Below are records with pictures. Reproduce exactly the lines from the line with "Tiny Twist Mookaite Ring" to the line with "Harry's House Hoodies", inclusive, and leave each picture out.

**Data provided**
'''

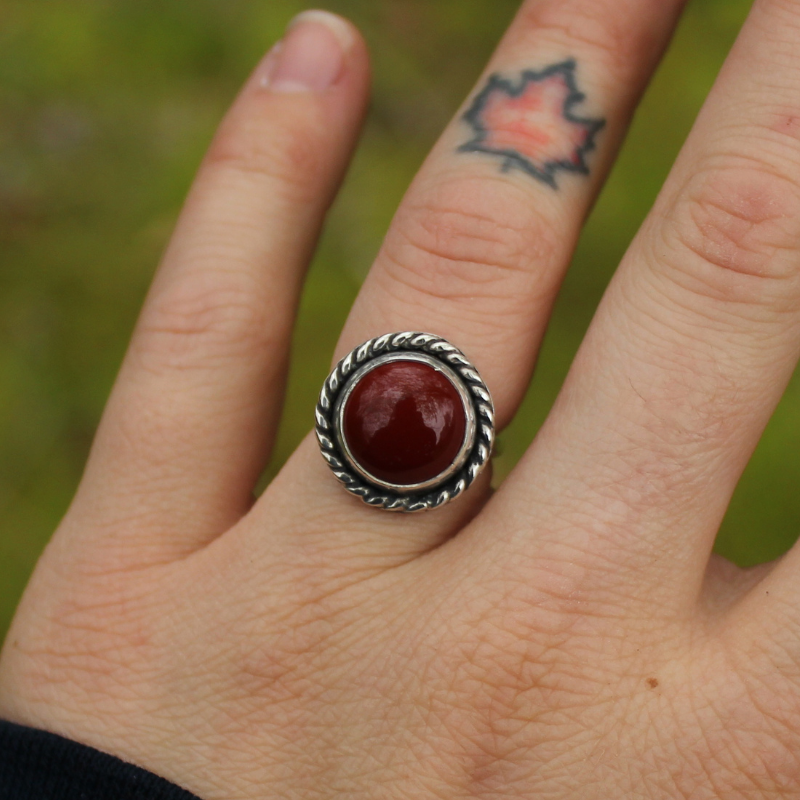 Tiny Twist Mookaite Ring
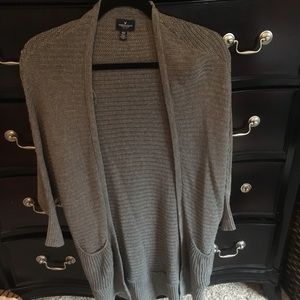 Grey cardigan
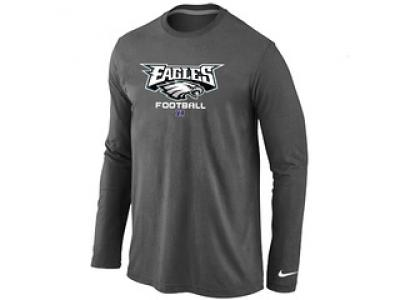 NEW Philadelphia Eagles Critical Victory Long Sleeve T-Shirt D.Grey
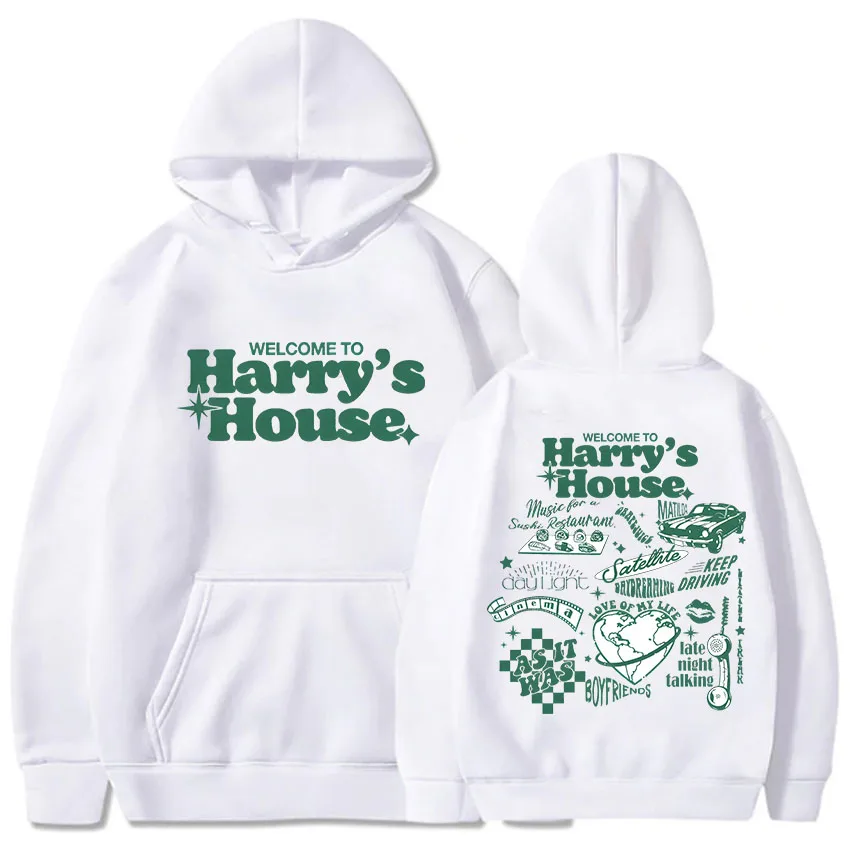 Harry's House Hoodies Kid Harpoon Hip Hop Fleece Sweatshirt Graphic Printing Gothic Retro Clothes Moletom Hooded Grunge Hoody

'''
'''

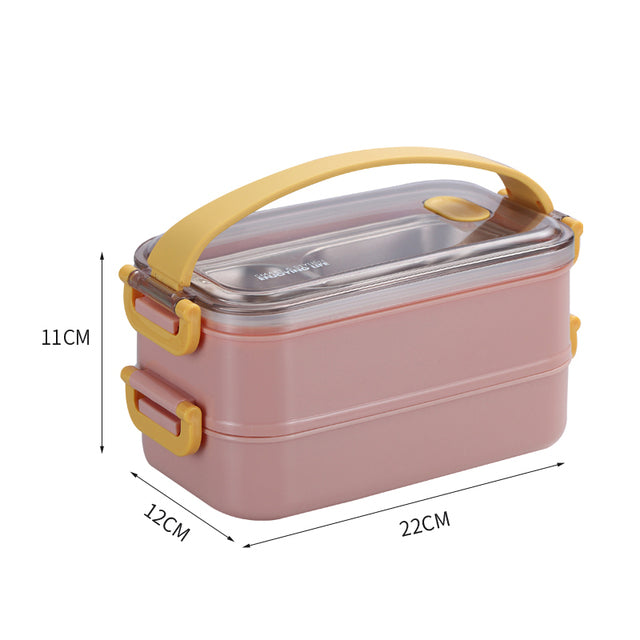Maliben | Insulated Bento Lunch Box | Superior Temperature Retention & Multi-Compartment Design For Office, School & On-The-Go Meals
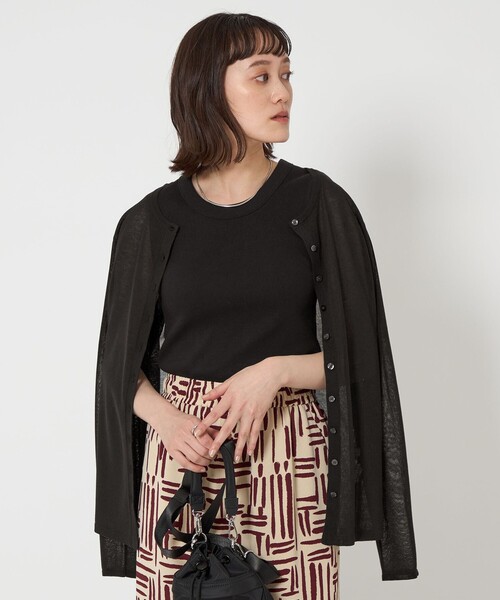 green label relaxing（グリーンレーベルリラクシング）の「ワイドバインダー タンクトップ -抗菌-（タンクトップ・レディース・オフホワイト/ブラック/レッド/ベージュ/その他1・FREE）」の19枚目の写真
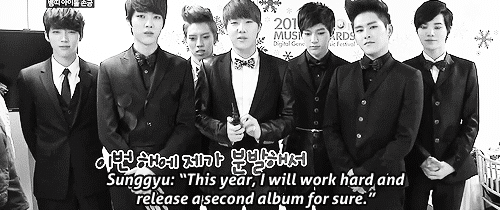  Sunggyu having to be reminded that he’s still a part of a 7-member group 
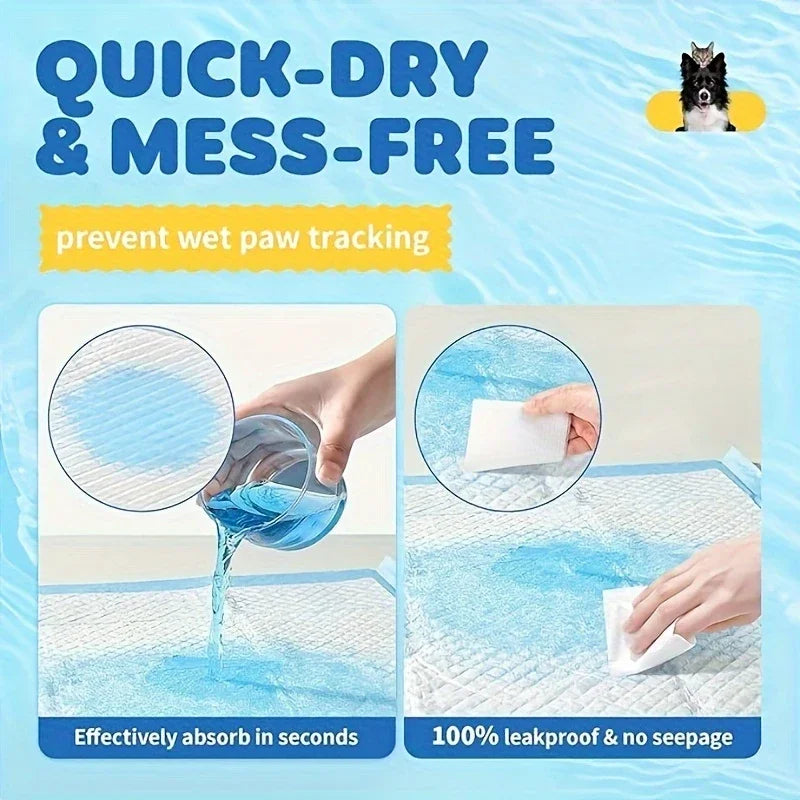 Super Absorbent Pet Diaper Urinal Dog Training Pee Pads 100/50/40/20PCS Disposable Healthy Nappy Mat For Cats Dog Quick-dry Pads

'''
'''

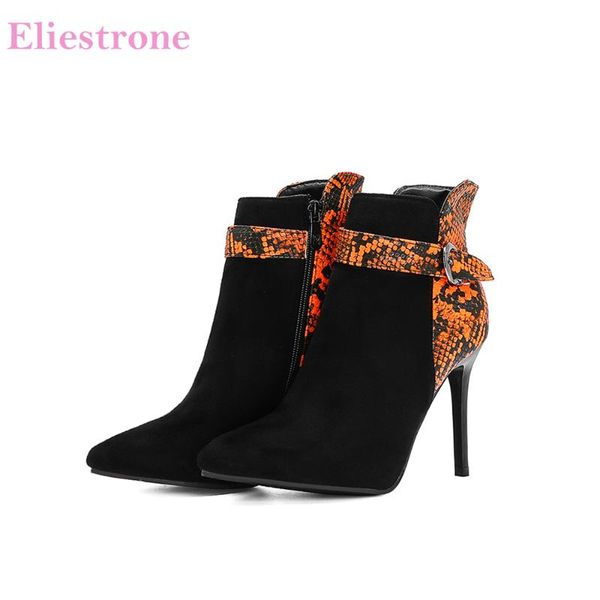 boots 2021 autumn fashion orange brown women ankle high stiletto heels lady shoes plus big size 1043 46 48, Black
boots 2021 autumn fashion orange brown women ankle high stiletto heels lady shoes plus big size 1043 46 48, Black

'''

**Task answer**
 Tiny Twist Mookaite Ring
 Grey cardigan
 NEW Philadelphia Eagles Critical Victory Long Sleeve T-Shirt D.Grey
 Harry's House Hoodies Kid Harpoon Hip Hop Fleece Sweatshirt Graphic Printing Gothic Retro Clothes Moletom Hooded Grunge Hoody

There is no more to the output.